Und dennoch verließ ich etwas ratlos den Premierenabend. Mich hatte nichts „berührt“, da war kein Funke übergesprungen.
Nun kann man durchaus meinen, der Faust-Stoff sei durch Schule und Zitatenschätze so abgedroschen , daß man ihm nur noch mit „specialeffects“ zu Leibe rücken kann. Aber was ist mit den Themen, die aus einem Stück Literatur einen Klassiker machen? Faust’s Überdruss des „Wissens“ – ein Expertendilemma? Die Feme gegen Margarethe – Doppelmoral, Sexismus und kulturell/religiös begründete Morde an jungen Frauen. Kritik an kirchlicher Ignoranz gesellschaftlicher Realitäten – alles durchaus heutige Themen.

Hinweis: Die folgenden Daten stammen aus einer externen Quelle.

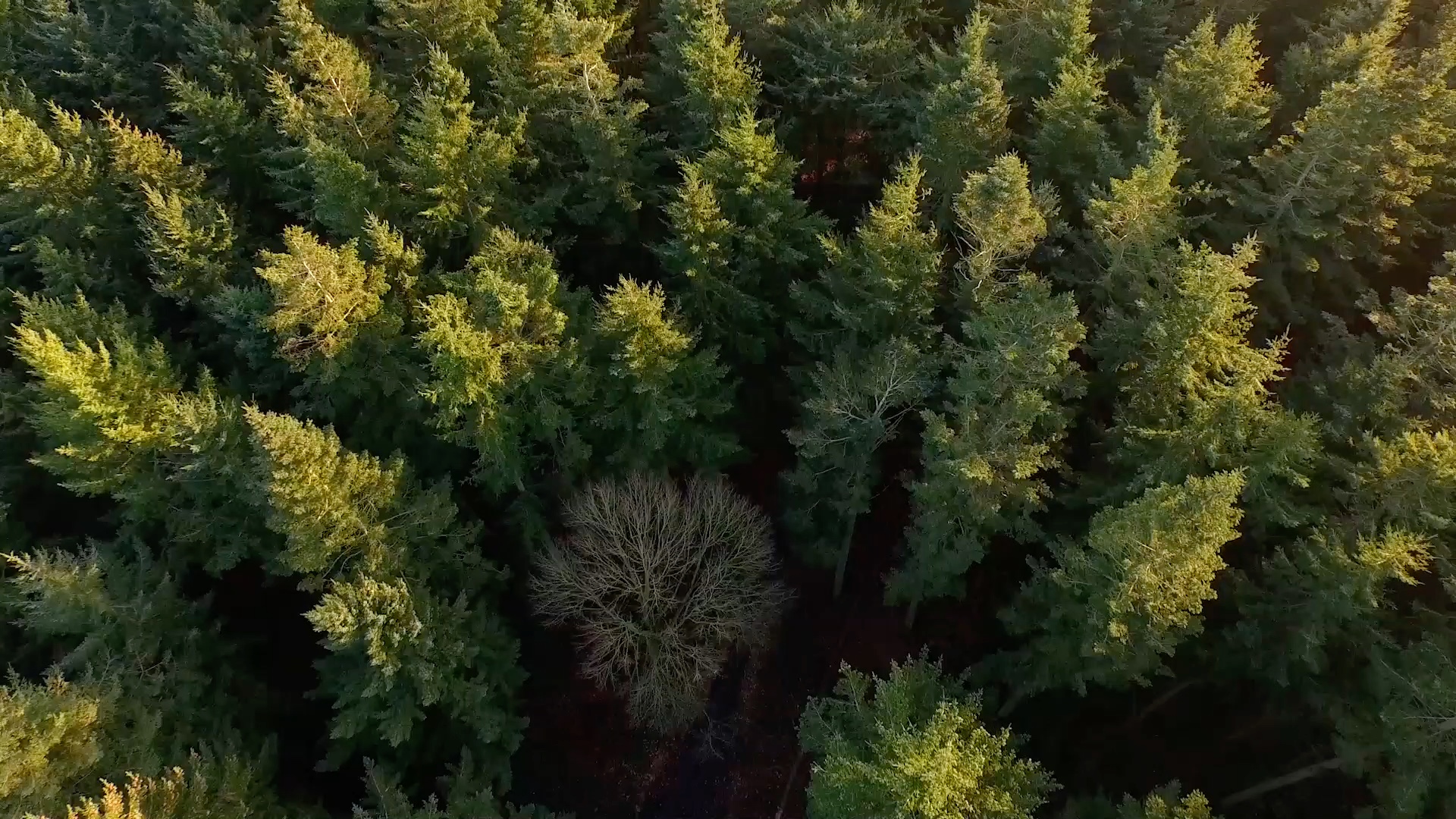 Aerial photo of a large pine forest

Ich meine diese Aufzählung nicht als Plädoyer für eine zwanghafte Modernisierung klassischer Stoffe – aber wenn ich schon einen türkischen(?) Wirt in Auerbachs Keller Faust auf witzige und aktuelle Weise mißverstehen lasse, warum „übersetze“ ich dann nicht den gesamten Text ?
Ich hätte mir gewünscht, daß Faust, Mephisto und Gretchen die Möglichkeit gehabt hätten, ihre Rollen tiefer auszuloten und uns mehr darzustellen als äußerlich agierende Figuren in einer schauspielerisch gelungenen Darstellung. Ich hätte mich von diesem alten Stoff gerne neu berühren lassen.